Broccoli and Butternut Squash Salad

Serves four

Ingredients

  • 4 c broccoli florets
  • 1 medium butternut squash, peeled, seeded and cut into 1″ cubes, about 4 cups
  • Extra virgin olive oil
  • Kosher salt and freshly ground pepper
  • 1 c red pepper strips, 2″ x ½” from one small pepper
  • ½c slivered almonds
  • ½c dried cherries
  • ¼c Sicilian Lemon balsamic vinegar
  • 1 small clove garlic, chopped
  • Pinch of dried thyme
  • 2 T Roasted almond oil
  • ¼c extra virgin olive oil

Directions

  1. Preheat oven to 375°F.
  2. In a large bowl, toss butternut squash cubes with 1-2 tablespoons of extra virgin olive oil and sprinkle with salt and pepper.

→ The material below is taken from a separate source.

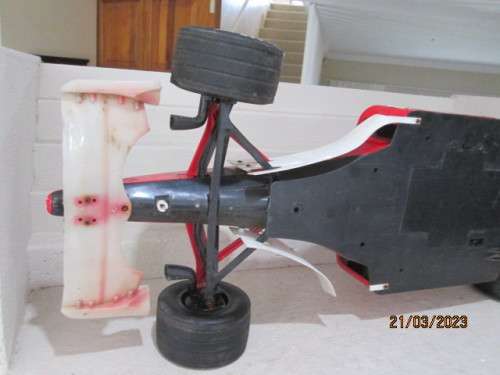 LARGE RC FORMULA 1 FERRARI CAR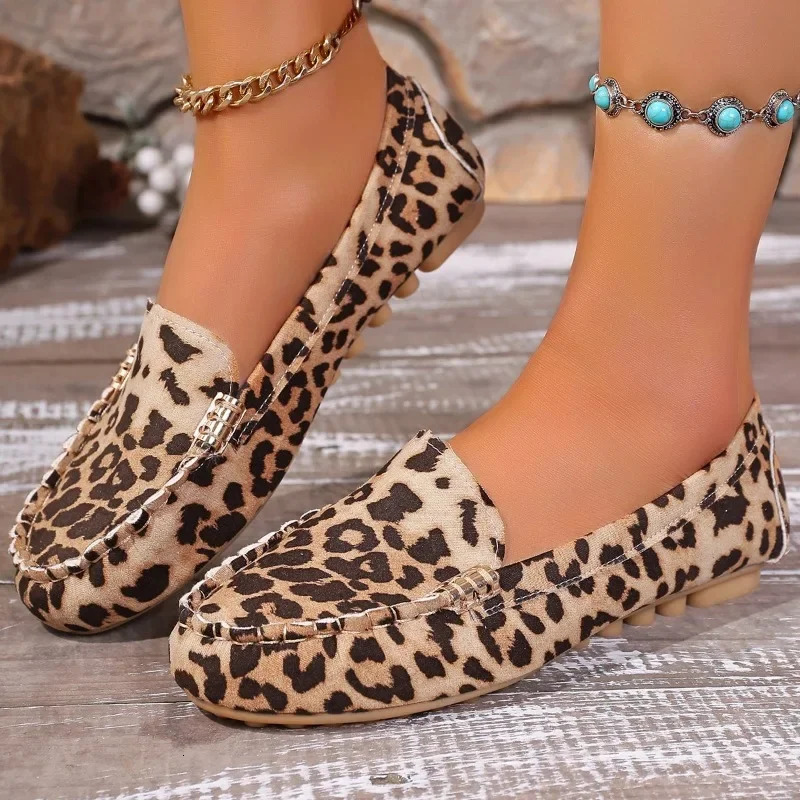 Womens Shoes 2025 Slip-on Womens Flats Fashion Leopard Print New Casual Plus Size Light Soft Bottom Best Seller Flat Shoes 250820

Spread out evenly on a baking sheet.
  3. Place in the preheated oven and bake for 16-20 minutes, tossing occasionally to be certain squash gets browned on all sides. Let cool to room temperature.
  4. Fill a large pot with water and a pinch of salt and bring to a boil. Put a colander large enough to accommodate the broccoli in the sink.
  5. Have an ice bath (bowl with water and ice at the ready. Plunge the broccoli in the boiling water and count to 30. Immediately drain the broccoli in the colander then transfer it to the ice bath to stop the cooking.
  6. Drain the broccoli when it has cooled a bit and place broccoli florets on a clean dishcloth to dry them off a bit.
  7. Toast almonds in a medium dry skillet over medium high heat. Keep them constantly moving to ensure even coloring. They will exude some of their oil  and they smell great. Remove from the pan and cool.
  8. In a small bowl, combine the lemon balsamic, garlic, thyme and oils.  Stir to combine. Season with salt and pepper.
  9. Place the butternut squash, broccoli and pepper strips in a large bowl and toss with some of the dressing. Add the dried cherries and almonds and toss again, add a little more dressing if needed. Chill before serving.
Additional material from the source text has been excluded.